The Skylark of Space - solarengineer
http://www.gutenberg.org/files/20869/20869-h/20869-h.htm
======
solarengineer
Summary: The Skylark of Space is considered to be one of the earliest novels
of interstellar travel and the first example of space opera. Originally
serialized in 1928 in the magazine Amazing Stories, it was first published in
book form in 1946 by the Buffalo Book Co. The novel was followed by three
sequels, beginning with Skylark Three.

[https://en.wikipedia.org/wiki/The_Skylark_of_Space?wprov=sft...](https://en.wikipedia.org/wiki/The_Skylark_of_Space?wprov=sfti1)

------
eesmith
When reading this, compare also Smith's writing style - fast-paced and rarely
even pausing to slow down - with older, more plodding SF styles. Verne could
go for pages listing fish species or minutia of scientific apparatus. Wells
was more ponderous, with Significant Questions about Man.

A couple of comments:

""What's happened, Doctah?" asked the dusky assistant. ... Here he lived alone
save for an old colored couple who were his servants. ... the colored man who
had been secured to take his place"

The lovely systemic racism of the era.

"If it were done instantaneously it would probably blow the entire world into
a vapor, and might force it clear out of its orbit"

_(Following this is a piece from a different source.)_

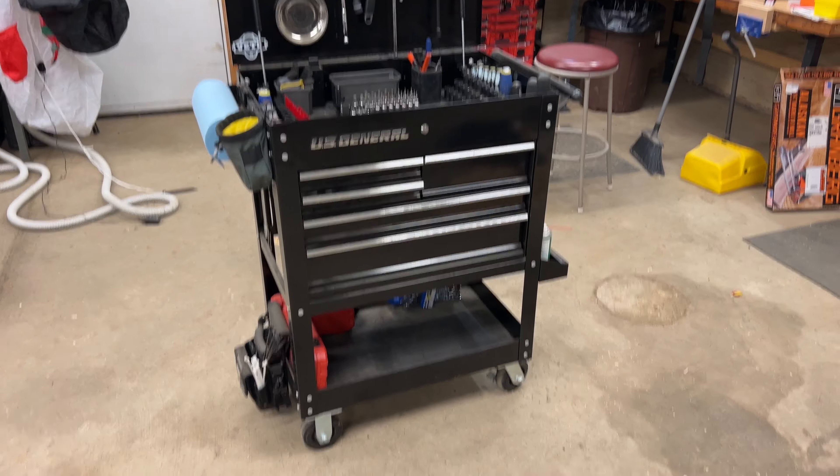That's the toolbox tour for 2023. Let me know what you guys think and give me recommendations for what I should load this cart out with. Subscribe if you're not already — thanks for watching, really appreciate it, see you guys in the next video.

That didn't seem right at all, so I worked it out: 100 lbs of copper, assuming
pure antimatter, is equivalent to a gigaton of TNT, or about 20 Tsar Bomba
explosions.

"I gather that an ounce or so will be plenty. ... Ten thousand tons of
nitroglycerin"

60 megatons, according to the earlier estimate.

------
galaxyLogic
"one of the great space flying stories"